"Beauty is not enough" Almagro by Hesus
Almagro Travel Guide: 18 reviews and 44 photos
Spain’s history speaks through its buildings and surroundings, taking us back to the ages of the Romans, the Arabs and the Renaissance. A unique mixture of cultures we can experience by staying in palaces, monasteries and medieval castles, now restored by the government-backed hotel chain Paradores of Spain to preserve their ancient ambience, while incorporating many modern aspects of today’s life to ensure comfort.

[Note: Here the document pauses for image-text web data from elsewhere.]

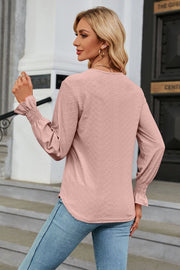 Blush pink textured V-neck blouse with smocked cuffs and lace trim detail.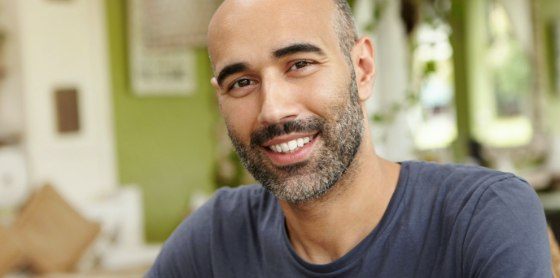 man with beard smiling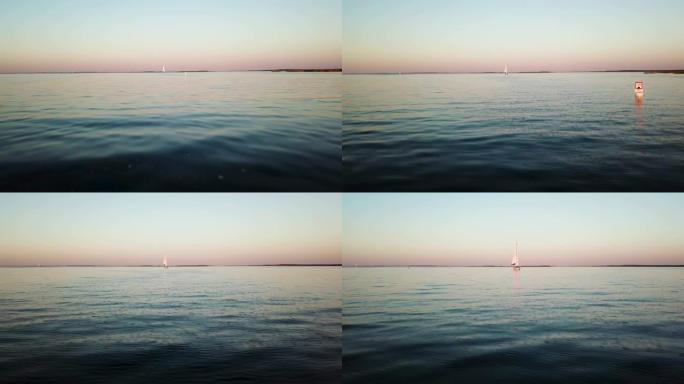 缓缓漂浮在湖上的帆船鸟瞰图。日落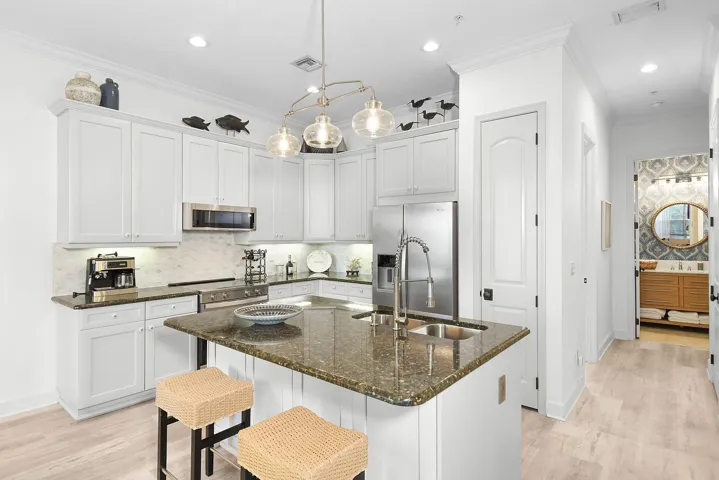 Kitchen new marble backsplash, s/s appliances and granite counters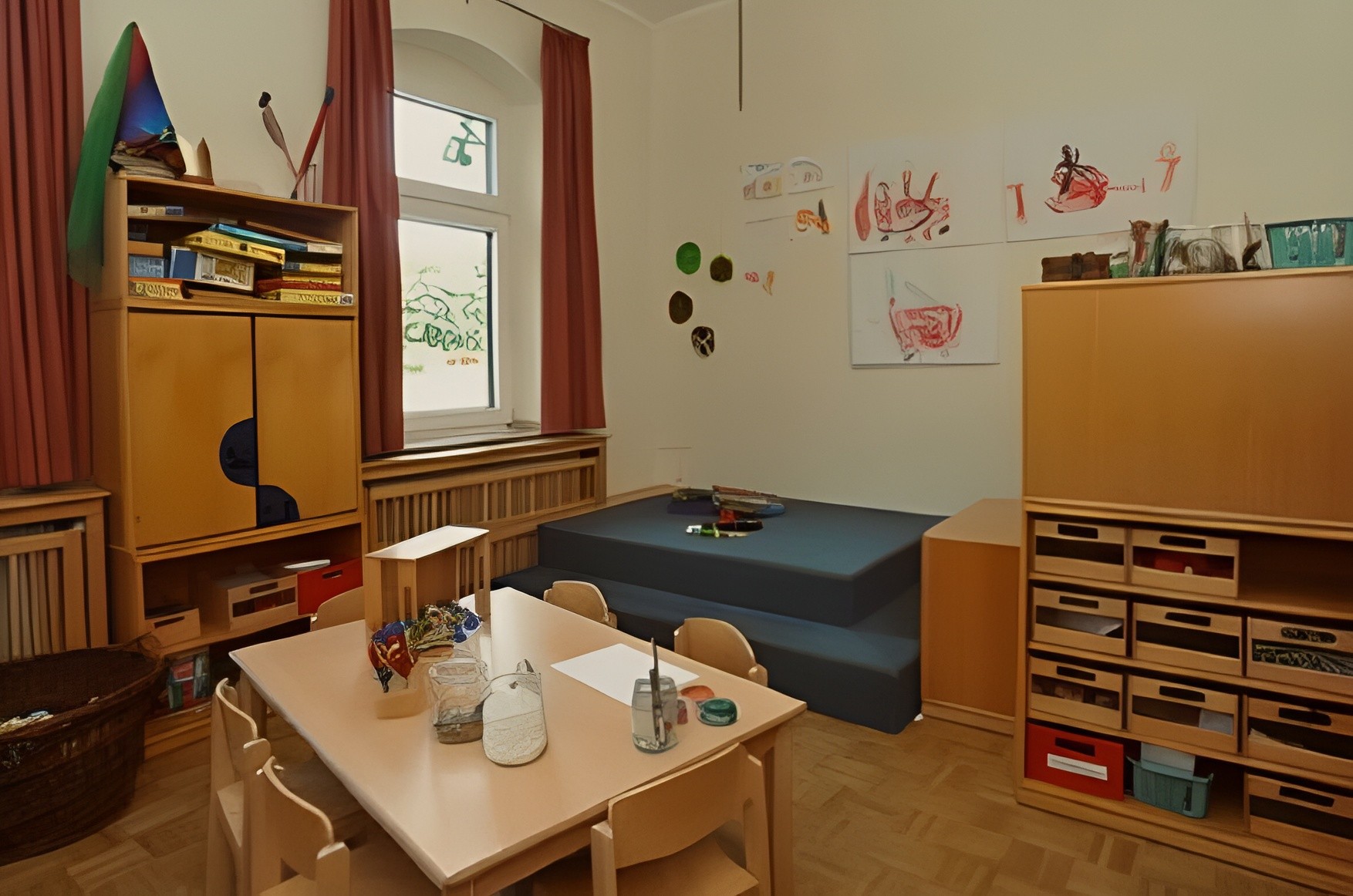 Ein gemütlicher, gut beleuchteter Kindergarten-Raum mit einem kleinen Tisch, Stühlen, Regalen und buntem Dekor an den Wänden.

The word "parador" (or stopping place) was the lodging offered to persons of respectable rank in medieval times. Based on this tradition, the hotel chain was established in 1926 and today the Parador network adds up to more than 90 hotels throughout the country, including the Balearic and the Canary Islands.
Don’t be fooled by the statement that the government backs the hotel chain. All efforts seem to be dedicated to provide luxurious comfort and personalized service. The menus can be extensive with a definite emphasis on regional recipes, including wine and local products, using modern techniques and gourmet presentation.
There are more than 20 routes associated with the hotel chain, whether your interests are the wine or olive oil territories, Andalusia or tracing Don Quixote’s footsteps. However, you can also make your own by visiting the website www.paradores.es
So I visited Almagro, a historical charming town, some 130 miles south of Madrid, in the middle of La Mancha. A piece of land graced by the windmills and Miguel de Cervantes’ hero Don Quixote de La Mancha (1605), later the inspiration for Dale Wasserman's musical Man of La Mancha.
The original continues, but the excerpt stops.